The development of a safe, effective, and affordable microbicide to prevent the sexual transmission of HIV combination is urgently needed. Our previous studies demonstrated that 3-hydroxyphthalic anhydride-modified chicken ovalbumin (HP-OVA) exhibited potent antiviral activity against a broad spectrum of HIV, simian immunodeficiency virus, and herpes simplex virus, making it a promising candidate as a component of combination microbicide. We intended to evaluate potential the synergistic anti-HIV-1 effect of HP-OVA in combination with antiretroviral drug (ARV)-based microbicide candidates.
The antiviral activity of HP-OVA and the ARVs, including HIV-1 entry inhibitors (T20, C52L, NB64, NBD556, AMD3100, and Maraviroc) and reverse transcriptase inhibitors (Tenofovir, UC781, and TMC120), tested alone or in combination, against HIV-1 X4 and R5 viruses, including some drug-resistant strains, was determined in MT-2 and peripheral blood mononuclear cells using p24 assay. The immune responses induced by HP-OVA that was applied in the vaginas of rats were detected by enzyme-linked immunosorbent assay.
When each of these ARV-based microbicide candidates was combined with HP-OVA, synergistic activity was observed against infection by both X4 and R5 strains, and the degree of synergy differed in each case. HP-OVA was highly effective against several ARV-resistant HIV-1 strains, suggesting that combining HP-OVA with these ARV-based microbicide candidates might work cooperatively against both drug-sensitive and -resistant HIV-1 strains. Human body fluids and human proteins had little or no effects on HP-OVA-mediated inhibitory activity against HIV-1 infection. HP-OVA formulated in the universal gel maintained its antiviral activity for at least 1 month and only induced weak immune responses after its multiple applications in the vaginas of rats.
Synergistic and complementary effects against infection by a broad spectrum of HIV-1 strains were observed by combining HP-OVA with the ARV-based microbicide candidates. These findings provide a sound scientific platform for the development of a safe, effective, and affordable combination microbicide to prevent the sexual transmission of HIV and other sexually transmissible viruses.

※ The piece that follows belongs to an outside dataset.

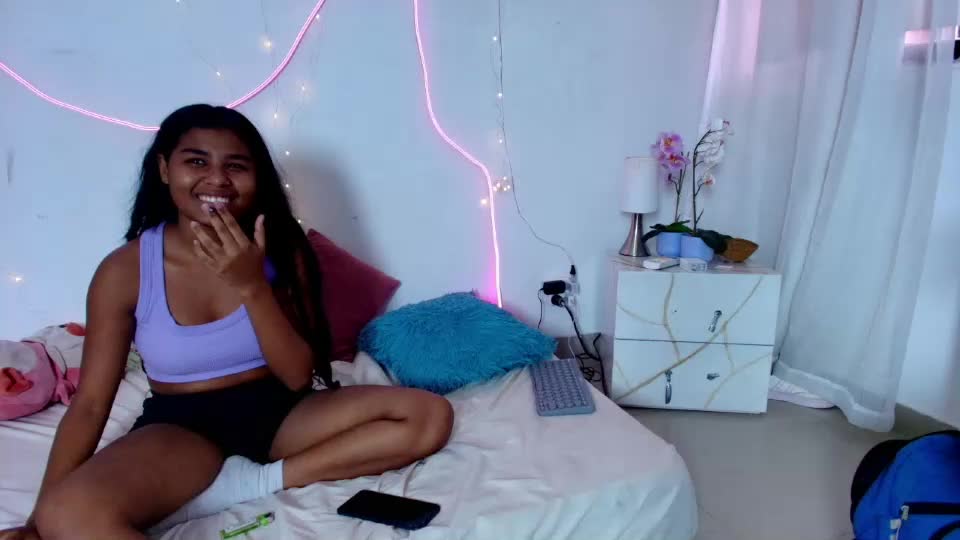 salome_horny3 Adult Chat June 23, 2026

急需开发一种安全、有效且负担得起的杀微生物剂来预防 HIV 病毒的性传播。我们之前的研究表明,3-羟基邻苯二甲酸酐修饰的鸡卵清白蛋白(HP-OVA)对广谱的 HIV、猴免疫缺陷病毒和单纯疱疹病毒均具有强大的抗病毒活性,使其成为组合杀微生物剂的有前途的候选物之一。我们旨在评估 HP-OVA 与基于抗逆转录病毒药物(ARV)的杀微生物候选物联合使用的潜在协同抗 HIV-1 效果。
使用 p24 测定法,在 MT-2 和外周血单核细胞中,分别检测 HP-OVA 与 HIV-1 进入抑制剂(T20、C52L、NB64、NBD556、AMD3100 和马拉维若)和逆转录酶抑制剂(替诺福韦、UC781 和 TMC120)单独或联合使用时对 X4 和 R5 病毒(包括一些耐药株)的抗病毒活性。通过酶联免疫吸附试验检测 HP-OVA 在大鼠阴道中应用所引起的免疫反应。

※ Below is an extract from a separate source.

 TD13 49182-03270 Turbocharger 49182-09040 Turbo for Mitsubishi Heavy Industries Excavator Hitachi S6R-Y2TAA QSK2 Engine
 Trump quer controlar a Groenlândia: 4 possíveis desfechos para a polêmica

当将这些基于 ARV 的杀微生物候选物中的每一种与 HP-OVA 联合使用时,观察到对 X4 和 R5 株感染的协同作用,并且每种情况下的协同作用程度不同。HP-OVA 对几种 ARV 耐药的 HIV-1 株非常有效,表明将 HP-OVA 与这些基于 ARV 的杀微生物候选物联合使用可能对敏感和耐药的 HIV-1 株均具有协同作用。人体体液和人体蛋白对 HP-OVA 介导的抑制 HIV-1 感染的活性几乎没有或没有影响。在通用凝胶中配制的 HP-OVA 至少能保持 1 个月的抗病毒活性,并且在大鼠阴道中多次应用后仅引起微弱的免疫反应。
将 HP-OVA 与基于 ARV 的杀微生物候选物联合使用时,观察到对广谱 HIV-1 株感染的协同和互补作用。这些发现为开发安全、有效且负担得起的组合杀微生物剂以预防 HIV 和其他性传播病毒的性传播提供了可靠的科学平台。